(Stored dataset items)
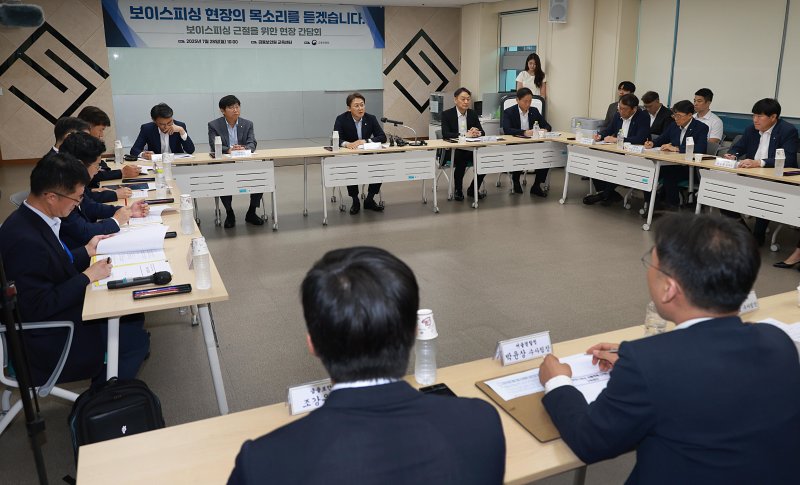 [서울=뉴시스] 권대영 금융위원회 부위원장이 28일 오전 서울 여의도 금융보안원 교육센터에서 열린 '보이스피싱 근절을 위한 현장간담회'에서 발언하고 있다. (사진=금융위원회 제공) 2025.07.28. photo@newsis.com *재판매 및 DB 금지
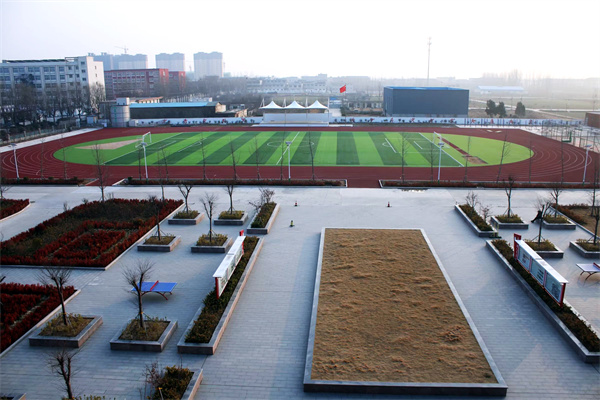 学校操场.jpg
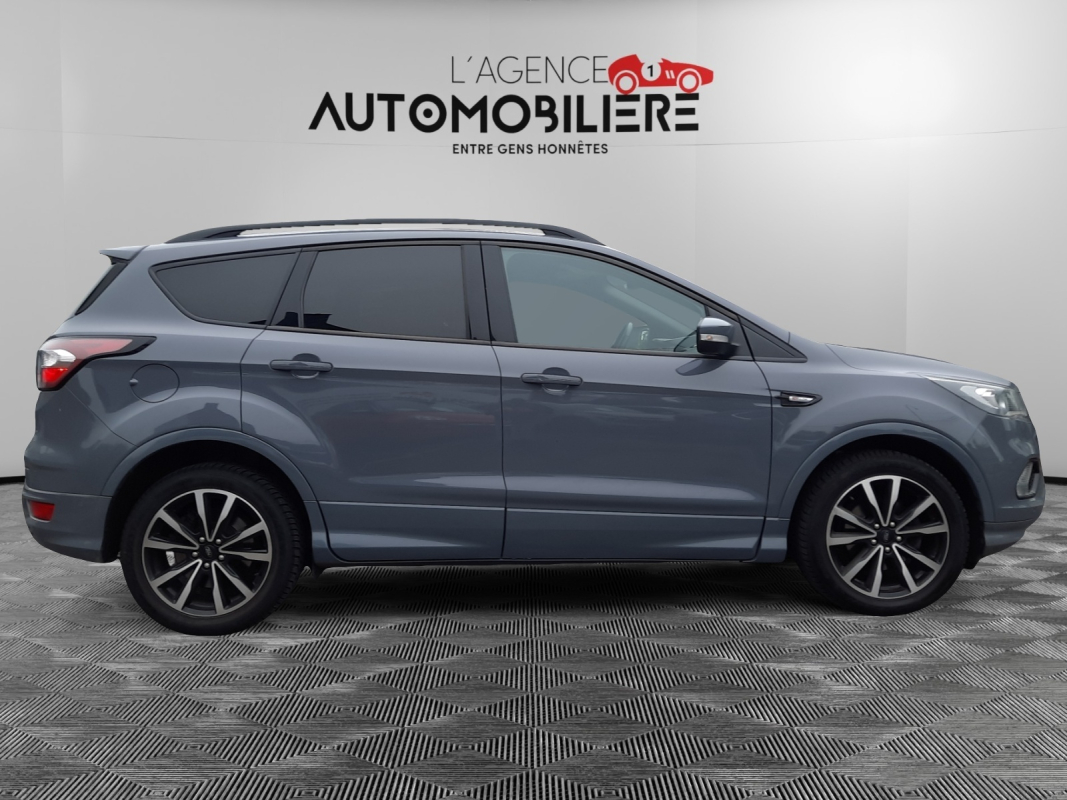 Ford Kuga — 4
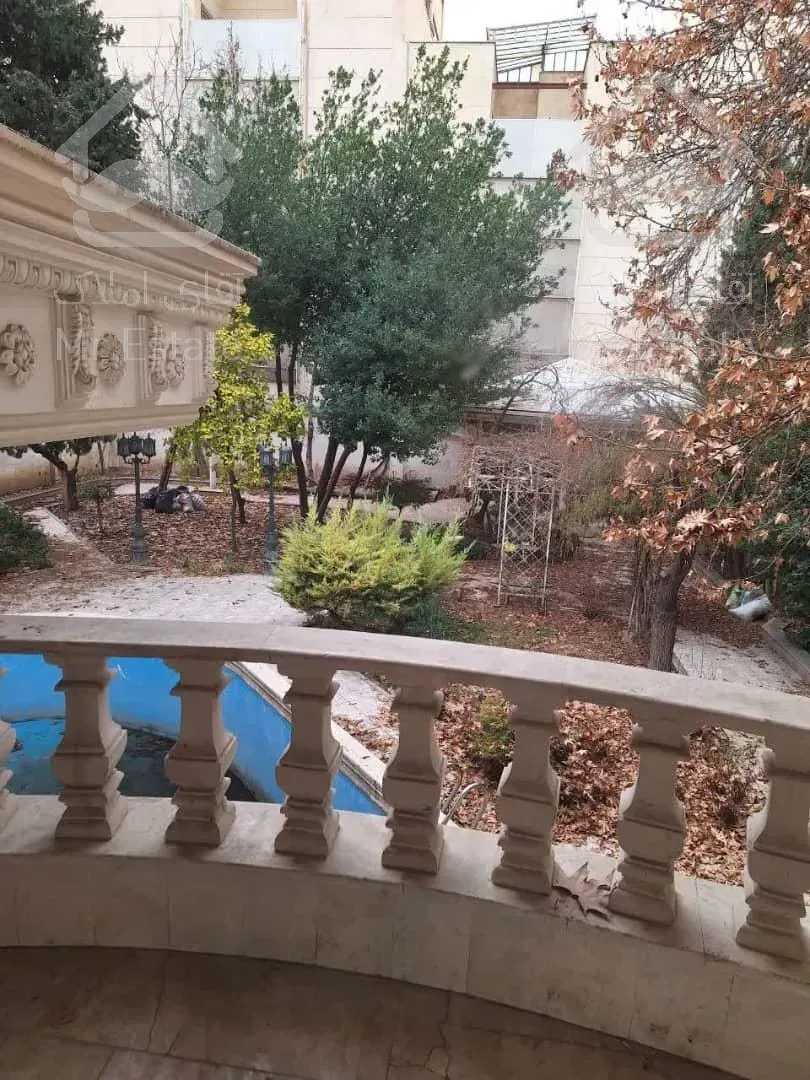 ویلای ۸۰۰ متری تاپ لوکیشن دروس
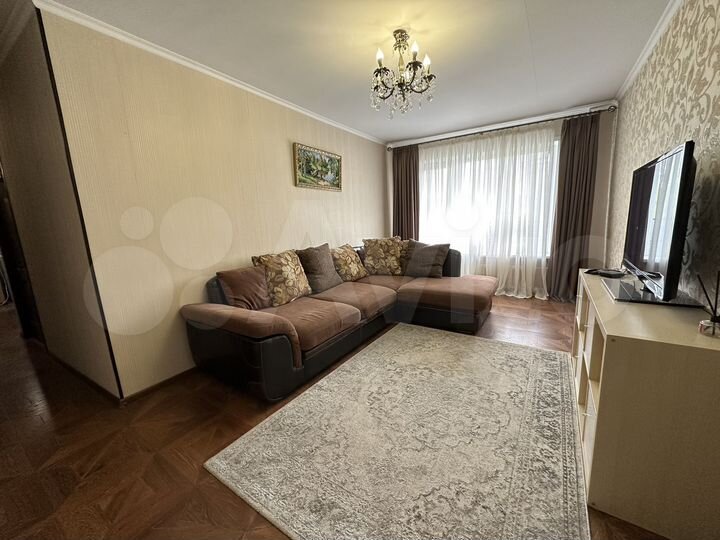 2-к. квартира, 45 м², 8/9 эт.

Problem
Copy out only the lines beginning at the line with "ویلای ۸۰۰ متری تاپ لوکیشن دروس" and ending at the last line of the entries. Keep them exact; drop pictures.

Response
 ویلای ۸۰۰ متری تاپ لوکیشن دروس
 2-к. квартира, 45 м², 8/9 эт.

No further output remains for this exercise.